Sem argumentos e ânimo para prosseguir, o outro se calou. O de chapéu tentava retomar a conversa a qualquer custo. Até que falou que o tio Telê era casado com dona Frasinha – “um doce de pessoa”. Foi aí que o companheiro acordou:

- Dona Frasinha? Eufrásia dos Mamão?

- É... Conheceu ela?

- Era madrinha da minha irmã.

Após um instante de silêncio, o do chapéu arriscou:

- Não me diga que sua irmã era a...

- Leninha.

- Isso, a Leninha. Amiga da Claudete, né?

- É.

O do chapéu ia dando outro tapinha na perna do irmão da Leninha que, esperto, fingiu ajeitar-se no banco para livrar-se de mais uma cutucada, que desta vez ficou no ar.

- Não é possível que então você seja o Vandavel... – quis saber o do chapéu.

- Sou o irmão dele, o Vandeval.

- Ô, Ventinho, nem te reconheci!

Vandeval não gostou de ter o apelido lembrado. Ia perguntar o nome do de chapéu, mas ele se antecipou:

- Lembra de mim, não? Sou o Kleber...

- Kleber... Kleber... - Vandeval se esforçou.
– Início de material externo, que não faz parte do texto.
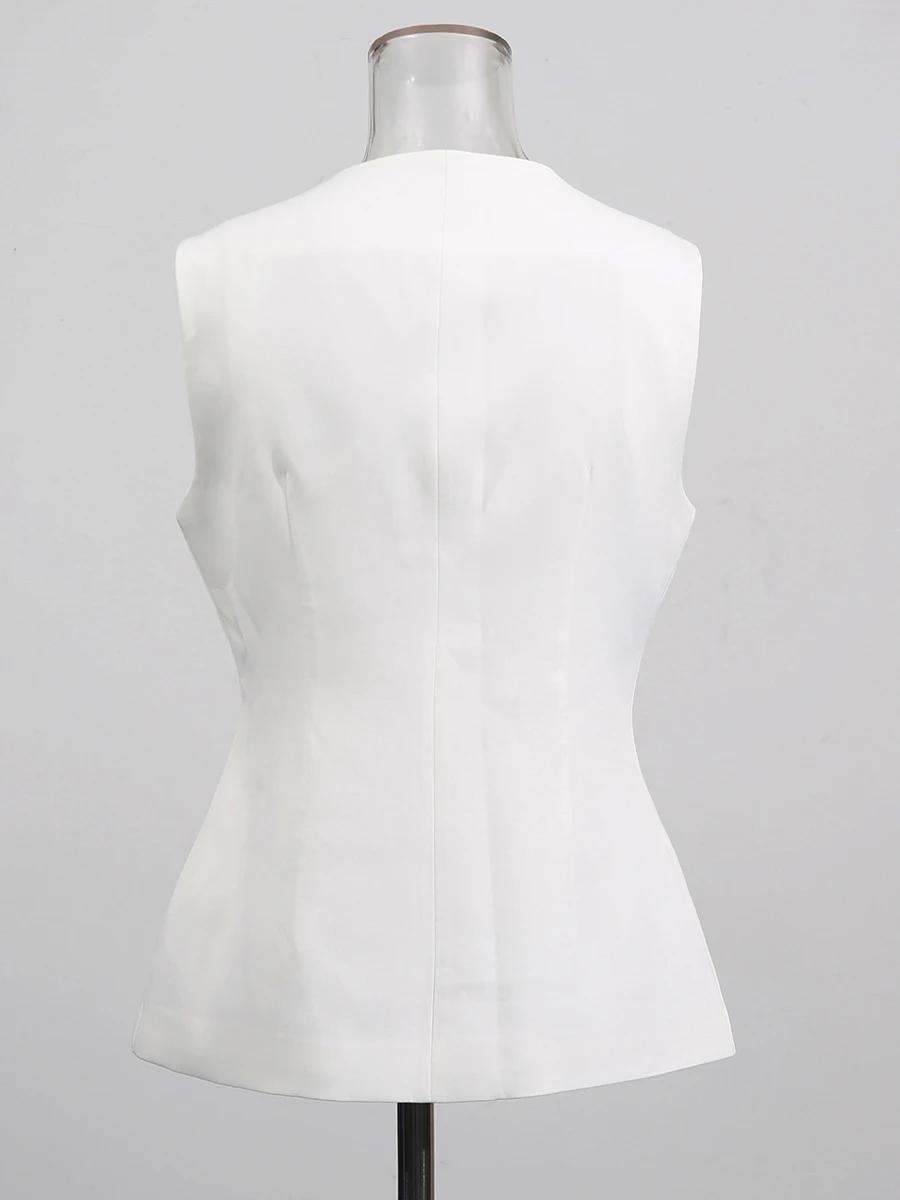 TWOTWINSTYLE Solid Spliced Button Slimming Vests For Women O Neck Sleeveless Tunic Temperament Vests Female Fashion Style New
- Brito. Kleber Brito, lembra não?
Vandeval então se sentiu vingado ao recordar um anel usado pelo amigo de infância com a gravação "K. Brito".

- Ô, Cabritin, nem lembrava mais...

Mais que a nostalgia, foi a curiosidade recíproca que empurrava a prosa. Até que Cabritin falou de amor antigo, desses que ninguém esquece, apesar do tempo.

- Nunca mais vi a Claudete, Ventinho. Mas se encontrasse a danada hoje, ainda era capaz de fazer uma besteira...

O outro sorriu enigmático, enquanto acionava o sinal de parada. Antes de deixar o ônibus, disse que se lembrava da amiga da Leninha, pois se casara com ela.

Lá longe, um trovão anunciou chuva a caminho.